Be The Coach Kids Love!

 In General, StoneAgeFuel

Kids are a unique bunch in that they move, act and respond to things much differently than adults.

In fact, I’m convinced that it takes a very special type of coach to be able to coach children and to be able to coach them in the most effective way without getting frustrated.

The thing is kids will test you every step of the way. Sometimes they walk in and it’s all sunshine and gumdrops. Other times it’s like a grumpy little gremlin walked in the gym. They occasionally listen, often try to negotiate and always try to test you to see just how much leverage they can get out of you.

The reason it takes a special kind of coach is because any amount of pride or stubbornness with kids will quickly destroy you as you have to learn to go with the flow and always be thinking one step ahead of them. For example everyday in the gym kids try and negotiate with me to get around a seemingly difficult set or movement. I’ll humor them and give them a deal that is MUCH MUCH worse than anything I had planned for that day.

Once we finish the negotiations and they do the new set I gave them they quickly realize that they should have stuck with what we had originally intended them to do. We do this very lightheartedly and I never get frustrated with them, because in the grand scheme of things. WHO CARES IF YOU WIN an argument or if you finally get them to do what you told them after you get upset.
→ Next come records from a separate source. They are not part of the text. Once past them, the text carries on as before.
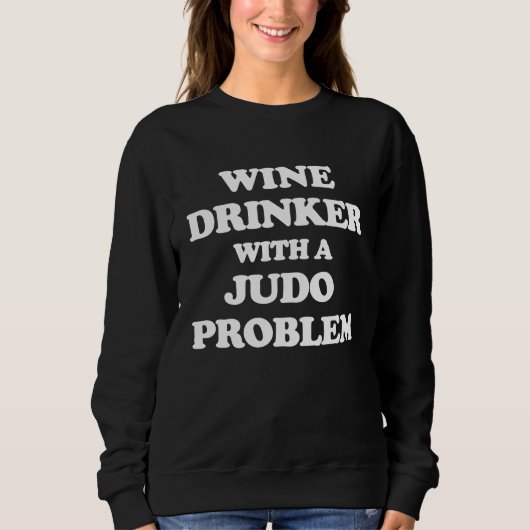 Wine Drinker With a Judo Problem  Judoka Workout Trui (Voorkant)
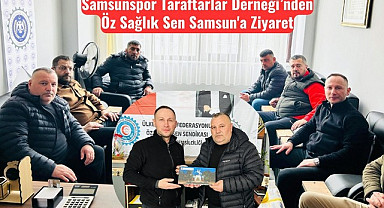 Samsunspor Taraftarlar Derneğinden Öz Sağlık Sen Samsun'a Ziyaret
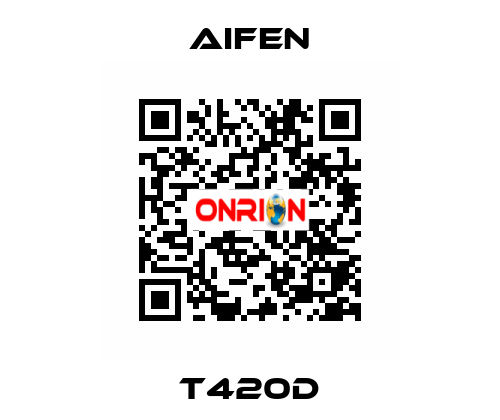 T420D AIFEN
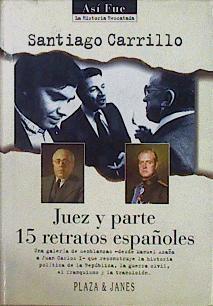 Juez y parte: 15 retratos españoles | 146549 | Carrillo, Santiago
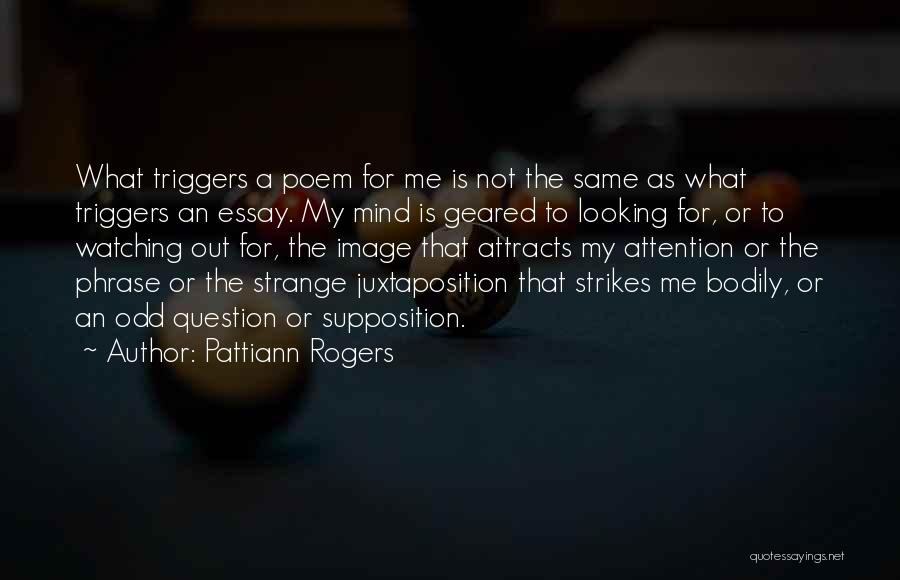 Pattiann Rogers Quotes: What Triggers A Poem For Me Is Not The Same As What Triggers An Essay. My Mind Is Geared To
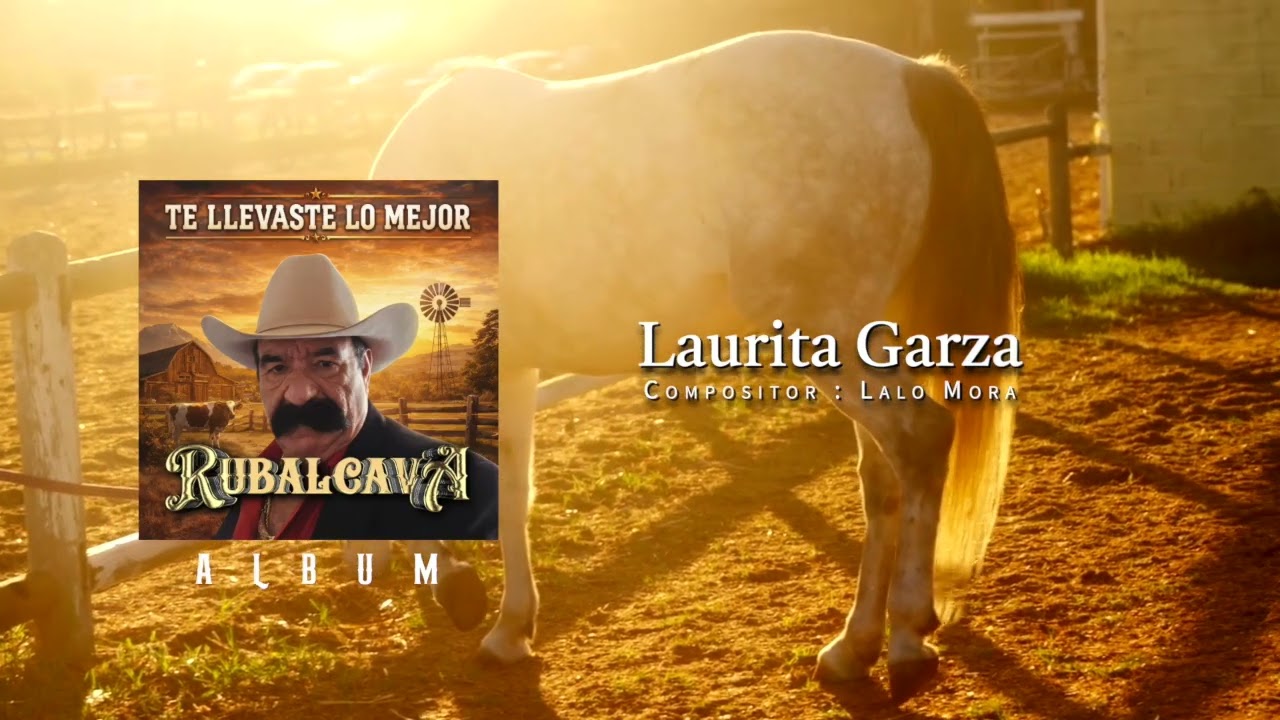 (RUBALCAVA) Laurita Garza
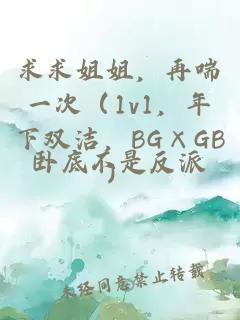 求求姐姐，再喘一次（1v1，年下双洁，BG×GB）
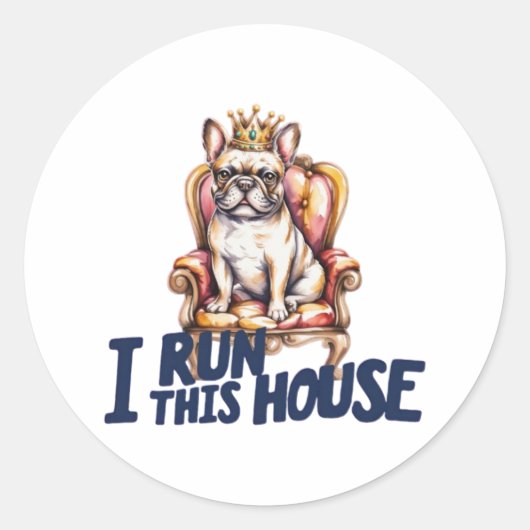 French Bulldog Sticker I Run This House Frenchie M (Voorkant)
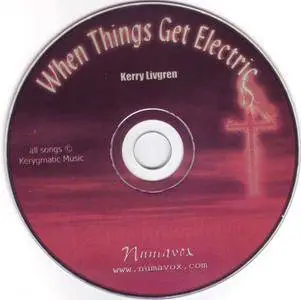 Kerry Livgren And The Corps de Pneuma - When Things Get Electric (2005)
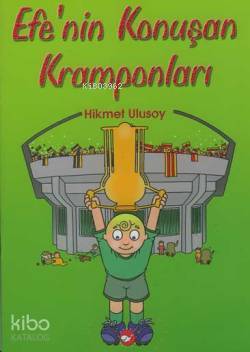 Efe'nin Konuşan Kramponları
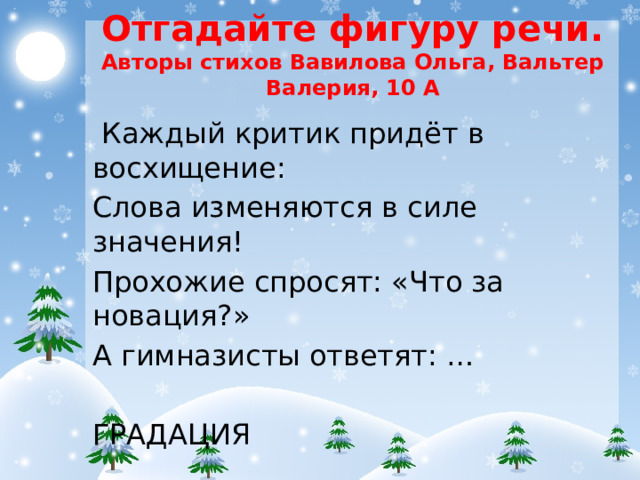 Отгадайте фигуру речи. Авторы стихов Вавилова Ольга, Вальтер Валерия, 10 А Каждый критик придёт в восхищение: Слова изменяются в силе значения! Прохожие спросят: «Что за новация?» А гимназисты ответят: … ГРАДАЦИЯ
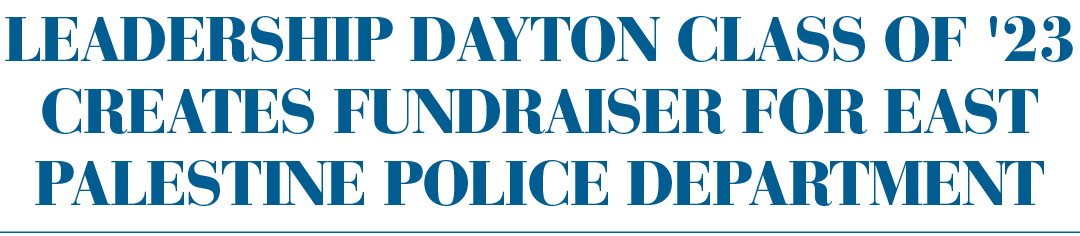 Leadership Dayton class of '23 creates fundraiser for East Palestine police department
You as the coach can be the shining light that gives them something to look forward to everyday. That one coach that makes all their other sports seem not so fun, because all they want to do is hang out in the gym and work with you.

Or you can be the coach that yells and screams, only cares about winning, belittles the kids and provides them with enough fear to keep going long enough until they break down and can’t take it anymore.

I can recount a specific moment I witnessed the horror of a coach who takes things too far and doesn’t care about anything, but winning.

In this specific moment we were at USA Weightlifting Youth Nationals in the 35kg 13 and under category. One of our girls had one lift left to win her category (she was 11 and under). There was also another girl who had a single lift left and it was between the two to see who would win it.

The other girl was up first and was in the corner with her coach who was visibly upset and yelling at her that she better make this F#%^ing lift. I believe this put her under an insurmountable amount of pressure in an already high pressure situation. She went out and missed the lift and came off the stage sobbing and seemingly broken from the pressure, missing the lift and disappointing her already visibly upset coach.

This left our girl with one last attempt to make it .  Bumping her up to win first for her age and first in that lift also meant going a couple kilos higher than her all time best.

We sat down with her and told her what she needed to do to win it, but explained that we were were also very happy with how she performed at her first national meet and there was nothing wrong with playing it safe, we were still so proud of her already.

She told us she wanted to go for it! We gave her a big hug, walked her out on that stage as proud (and nervous) as we could ever be of her and she MADE the lift!

Winning it and making us so incredibly happy we still have pictures of us jumping for joy and ready to run on that platform to give her the biggest hug ever!

The moral of the story is, we we’re supportive, didn’t put unnecessary pressure on her and she came out on top. I firmly believe that if you can always create a positive experience for the kids they will love what you do forever.

It takes a little bit of time to learn and understand how to react and respond to kids, but once you do you’ve got yourself a miniature little army that will follow you to the ends of the earth!